▶ Prompt
Within the listing below, give again exactly the lines between the one containing "Front view of" and the one containing "Grilling steak on aluminum foil on the grill", inclusive, pictures left aside.

▶ Data records
________________________

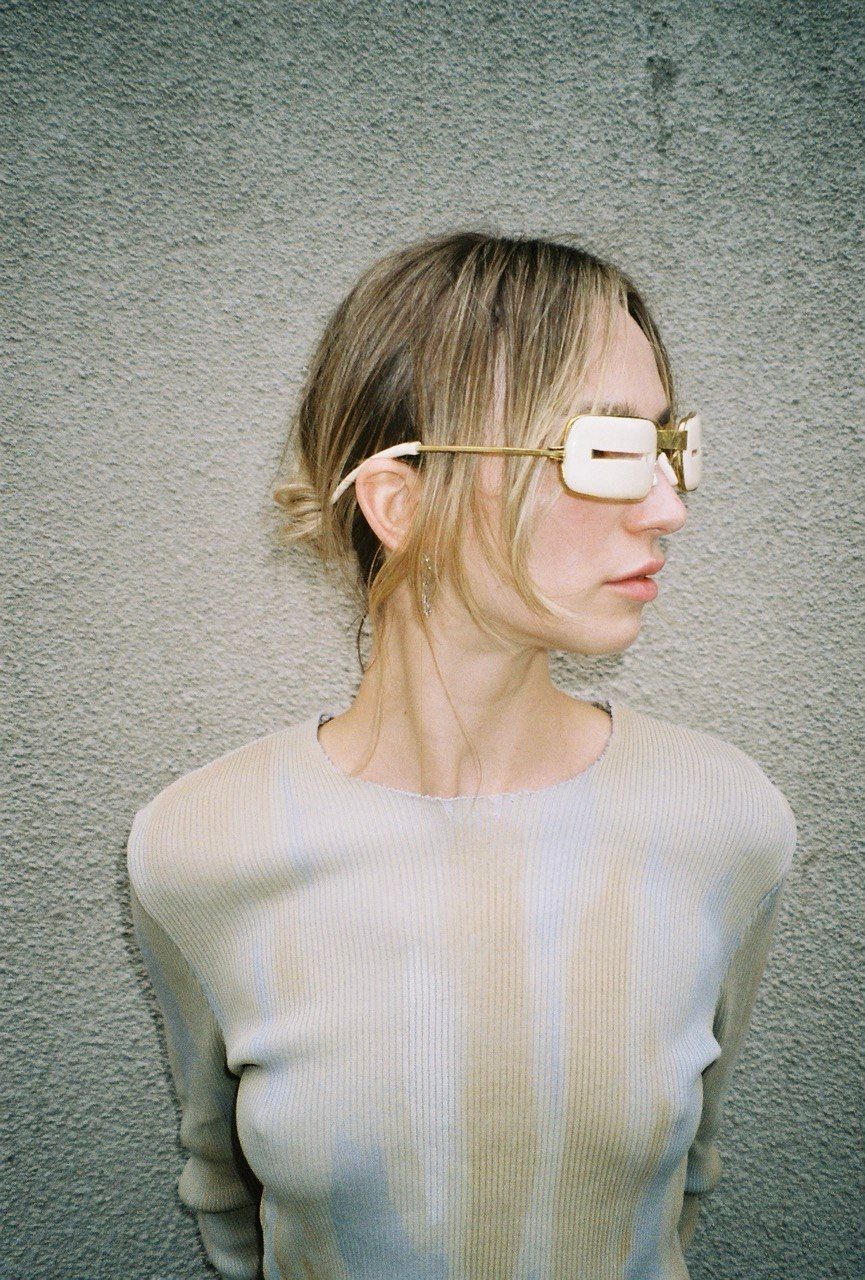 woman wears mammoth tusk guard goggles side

________________________

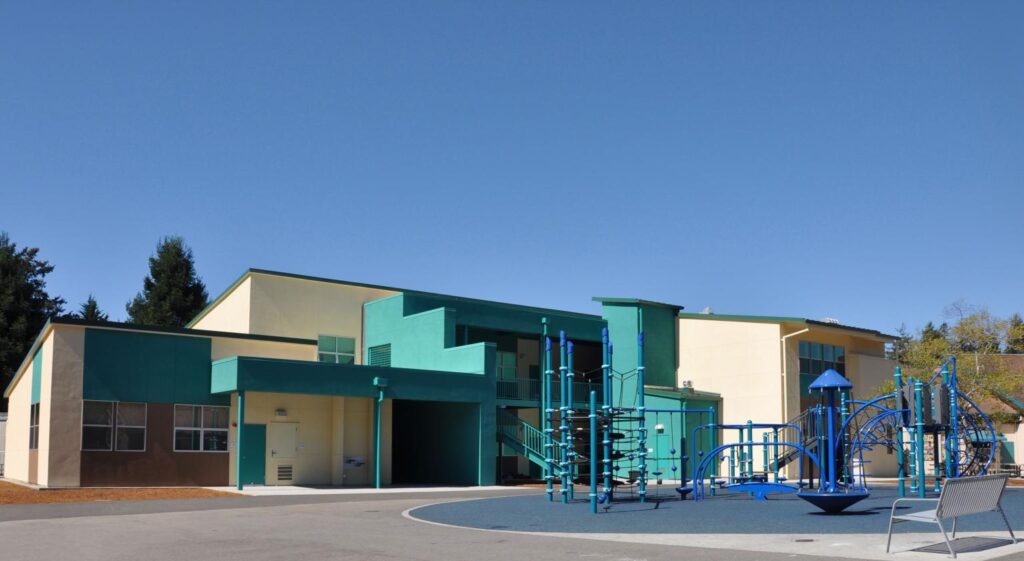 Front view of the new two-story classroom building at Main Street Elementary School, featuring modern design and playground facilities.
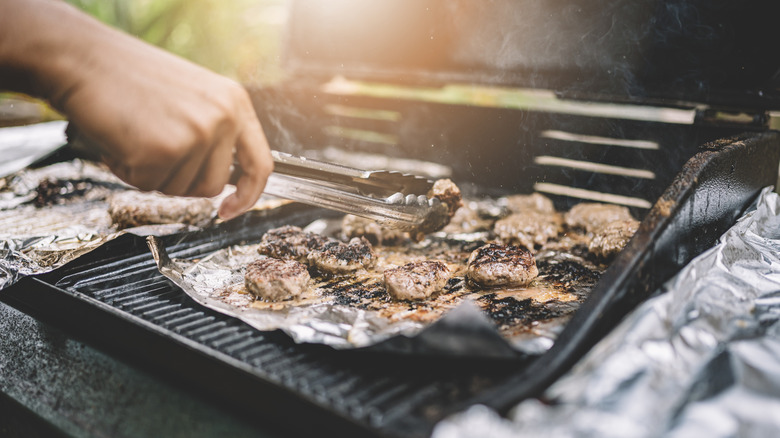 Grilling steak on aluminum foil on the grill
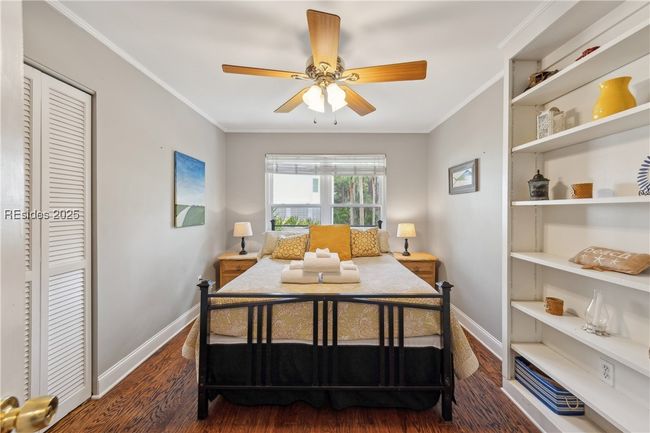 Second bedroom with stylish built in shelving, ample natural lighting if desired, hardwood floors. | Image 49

________________________

▶ Written solution
 Front view of the new two-story classroom building at Main Street Elementary School, featuring modern design and playground facilities.
 Grilling steak on aluminum foil on the grill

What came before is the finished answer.